Script takes too long to complete

mohtashims · June 27, 2016, 8:31am

Hi,

I have a lengthy script which i have trimmed down for a test case as below.

more run.sh
#!/bin/bash
paths="allpath.txt"
while IFS= read -r loc
do
echo "Working on $loc"
startdir=$loc
find "$startdir" -type f \( ! -name "*.log*" ! -name "*.class*" \) -print |
while read file
do
echo "TIME-STAMP:"$(date)
input="alter.txt"
while IFS= read -r var
do
searchterm=$(echo $var | awk -F'=' '{print $1}')
replaceterm=$(echo $var | awk -F'=' '{print $2}')
echo "ST:"$searchterm
echo "RT:"$replaceterm
done < "$input"
done
done < "$paths"

more alter.txt

hello=yello
wow=how
ping=pong
seesaw=heehow
bongo=ringo
jazbant=toaster
westowin=restaurant

more allpath.txt

/tmp/web/var/APPLE_DOM
/tmp/bin/var/APPLE_ART

The above script reads for a physical path from allpath.txt . It then looks for all files except .logs & .class files using the find command find "$startdir" -type f $ ! -name "*.log*" ! -name "*.class*" $ -print .

Note: the find command above is instant if i fire it as a separate command from the bash shell on that directory location.
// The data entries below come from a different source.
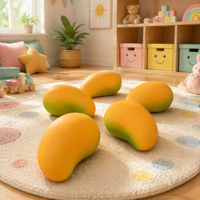 ZW Gesimuleerd Fruit Mango Rubber Knijp Speelgoed voor Stressverlichting 7-14 Jaar Grensoverschrijdende E-commerce Groothandel & Directe Verzending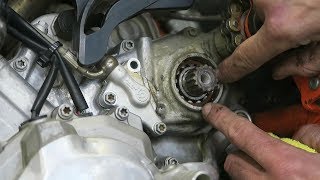 KTM Countershaft Oil Seal Replacement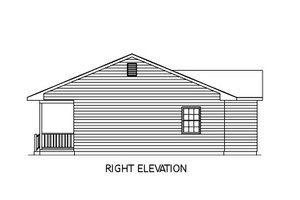 Exterior - Other Elevation for Ranch House Plan #57-160 - 3 bed, 2 bath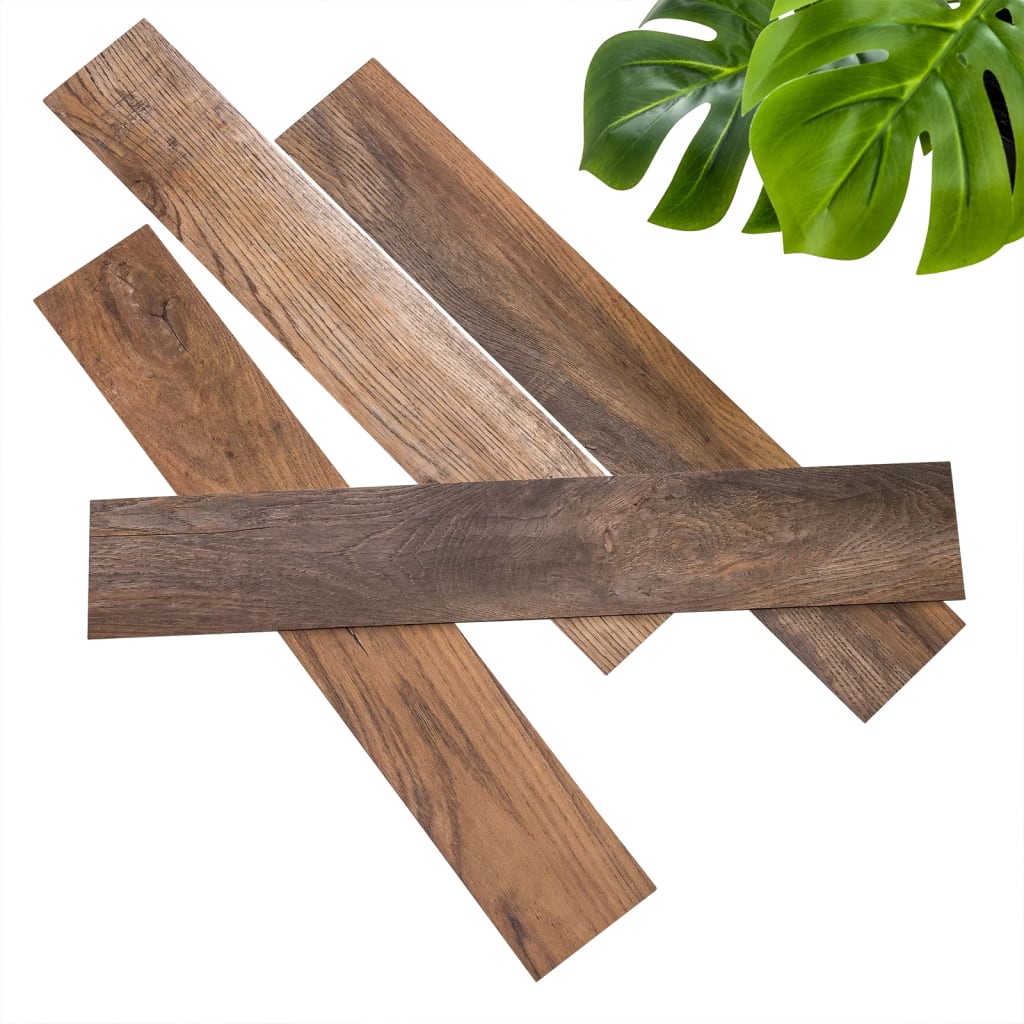 Wallart-Bretter Holz-aus-aus-Sandholz-Eiche braun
Takes less than 2 secs to list all the files.

For each file found it searches for all the "search strings" mentioned in the alter.txt file while IFS= read -r var and replaces it with the corresponding text (this part of the code i have not shared considering not necessary)
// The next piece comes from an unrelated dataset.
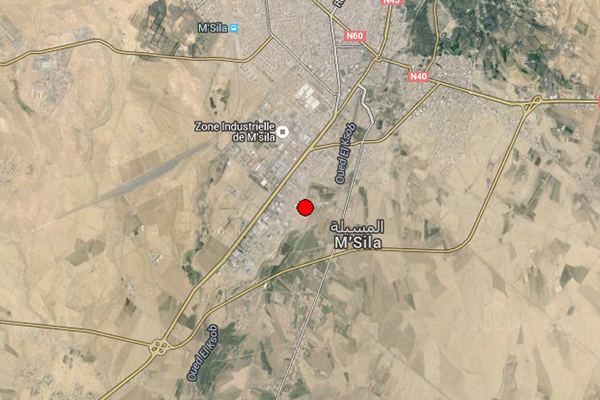 هزة أرضية بقوة 3.9 درجات تضرب المسيلة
For a folder 4GB in size it take around 25 mins to complete.

Can you help me optimize the script so it completes in less time.

RudiC · June 27, 2016, 8:55am

The entire logic and structure of that script seems suboptimal. For every file found, you (re)open "alter.txt", read every single line, invoke awk twice and - I'm guessing based on your other threads - run something like sed to do the replacements.

Depending on the found files' count this IS going to be lengthy.

I'm not talking of improving the innermost loop here - although there is quite some potential.
Why don't you leave the looping to one single instance of e.g. awk ?
Create a list of all file candidates ( find can have several paths as starting points) and run awk , first reading all the search/replacement pairs, and then working those on all files presented.

mohtashims · June 27, 2016, 10:35am

Yes, you are right ...i do have sed to do replacement but did not share for the sake of making it look simple for others.

I don't know if I understood correctly and if i can work this out.

What i understood is

You asking me to keep the find inside the while IFS= read -r var loop ?

Is that correct ?

---------- Post updated at 09:35 AM ---------- Previous update was at 08:31 AM ----------

Keeping the find inside the while IFS= read -r var loop helps cut down the time taken by more than half !!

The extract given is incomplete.